**What needs to be done:** Only the lines below between the ones containing "Jennifer Garner Instagram" and "zoe kittylove online", inclusive, are to be reproduced, each exactly as it stands.

**Data supplied:**

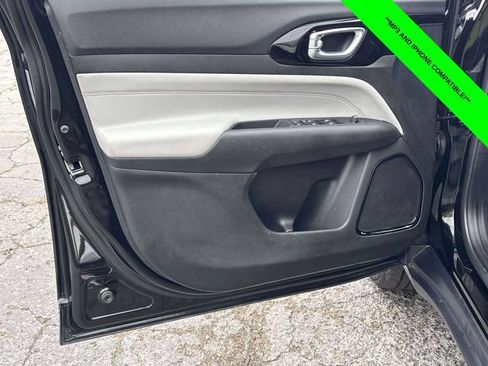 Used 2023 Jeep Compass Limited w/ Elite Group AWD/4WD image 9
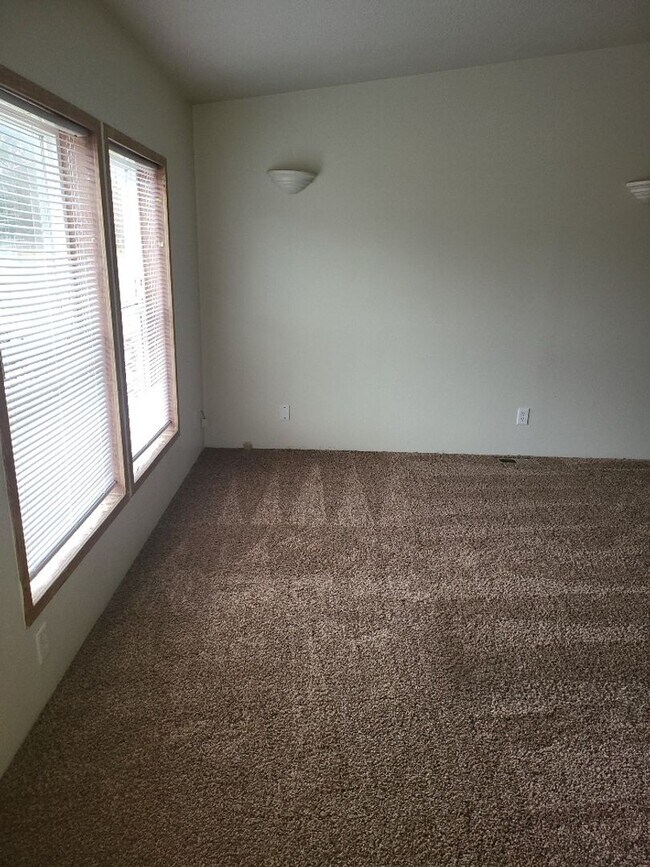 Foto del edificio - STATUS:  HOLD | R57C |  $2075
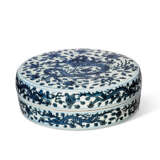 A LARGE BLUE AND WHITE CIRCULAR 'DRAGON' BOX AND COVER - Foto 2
--
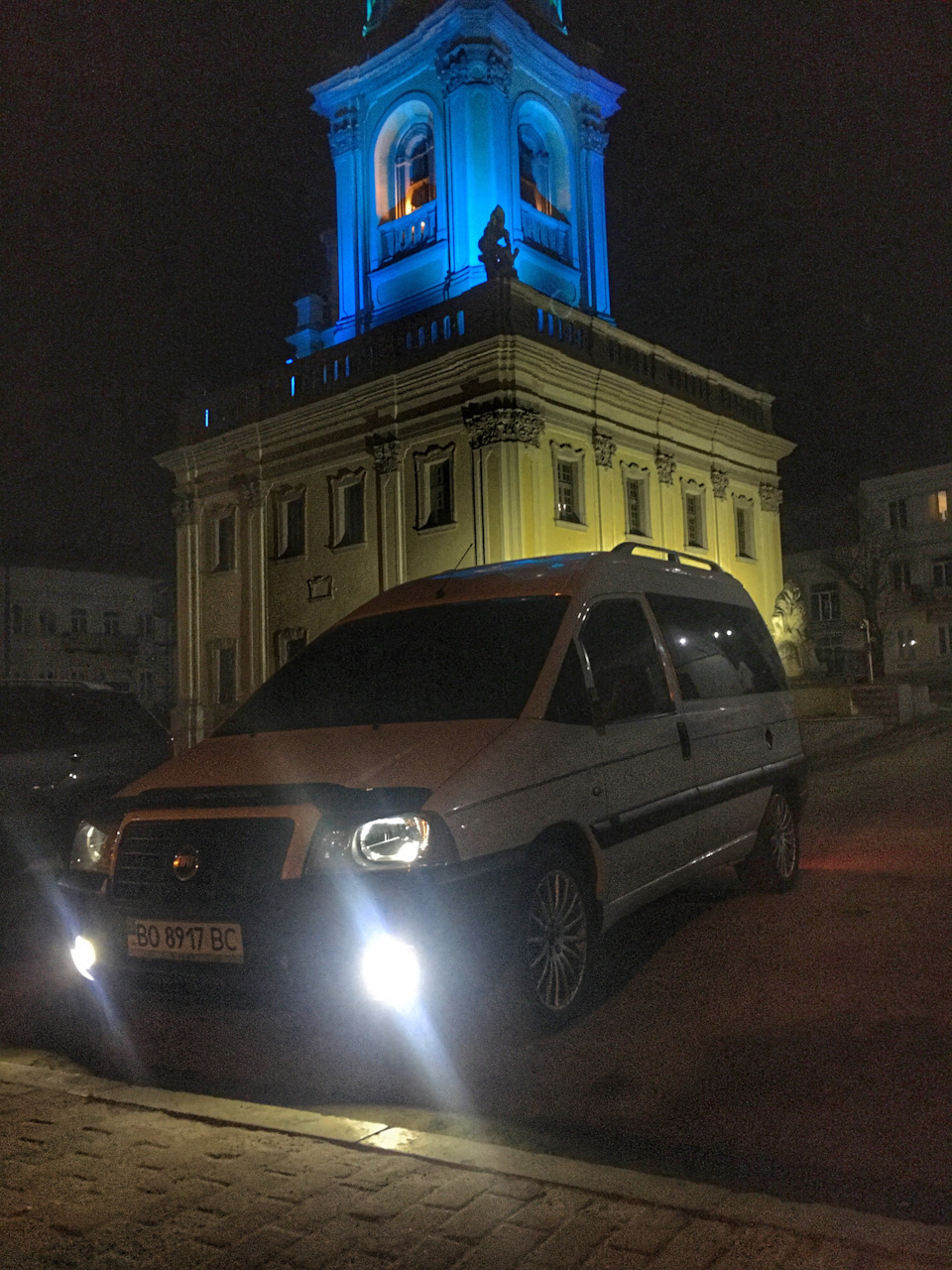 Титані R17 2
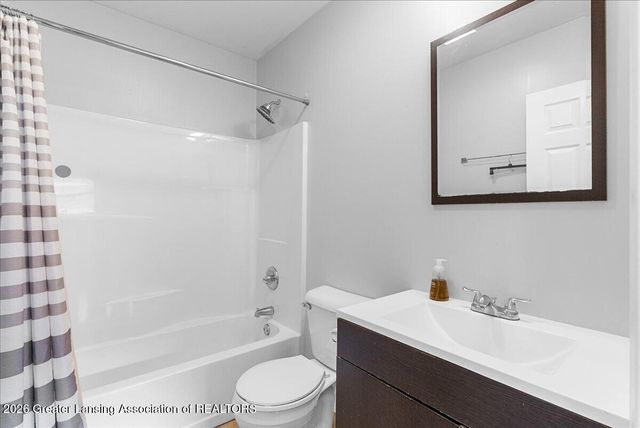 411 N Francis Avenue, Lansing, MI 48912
--
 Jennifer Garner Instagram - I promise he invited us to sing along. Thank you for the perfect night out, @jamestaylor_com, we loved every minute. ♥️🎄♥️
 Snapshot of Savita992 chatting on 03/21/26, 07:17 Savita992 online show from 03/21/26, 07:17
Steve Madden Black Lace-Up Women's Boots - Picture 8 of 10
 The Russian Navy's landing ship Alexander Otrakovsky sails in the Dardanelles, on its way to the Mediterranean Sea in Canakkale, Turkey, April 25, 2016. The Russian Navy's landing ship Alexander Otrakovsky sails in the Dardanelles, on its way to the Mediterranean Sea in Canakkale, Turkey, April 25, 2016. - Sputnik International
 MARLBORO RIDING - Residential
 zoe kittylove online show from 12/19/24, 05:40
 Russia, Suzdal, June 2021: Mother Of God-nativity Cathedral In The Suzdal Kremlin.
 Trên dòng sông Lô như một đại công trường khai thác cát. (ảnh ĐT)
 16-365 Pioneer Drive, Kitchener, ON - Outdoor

**Result below:**
 Jennifer Garner Instagram - I promise he invited us to sing along. Thank you for the perfect night out, @jamestaylor_com, we loved every minute. ♥️🎄♥️
 Snapshot of Savita992 chatting on 03/21/26, 07:17 Savita992 online show from 03/21/26, 07:17
Steve Madden Black Lace-Up Women's Boots - Picture 8 of 10
 The Russian Navy's landing ship Alexander Otrakovsky sails in the Dardanelles, on its way to the Mediterranean Sea in Canakkale, Turkey, April 25, 2016. The Russian Navy's landing ship Alexander Otrakovsky sails in the Dardanelles, on its way to the Mediterranean Sea in Canakkale, Turkey, April 25, 2016. - Sputnik International
 MARLBORO RIDING - Residential
 zoe kittylove online show from 12/19/24, 05:40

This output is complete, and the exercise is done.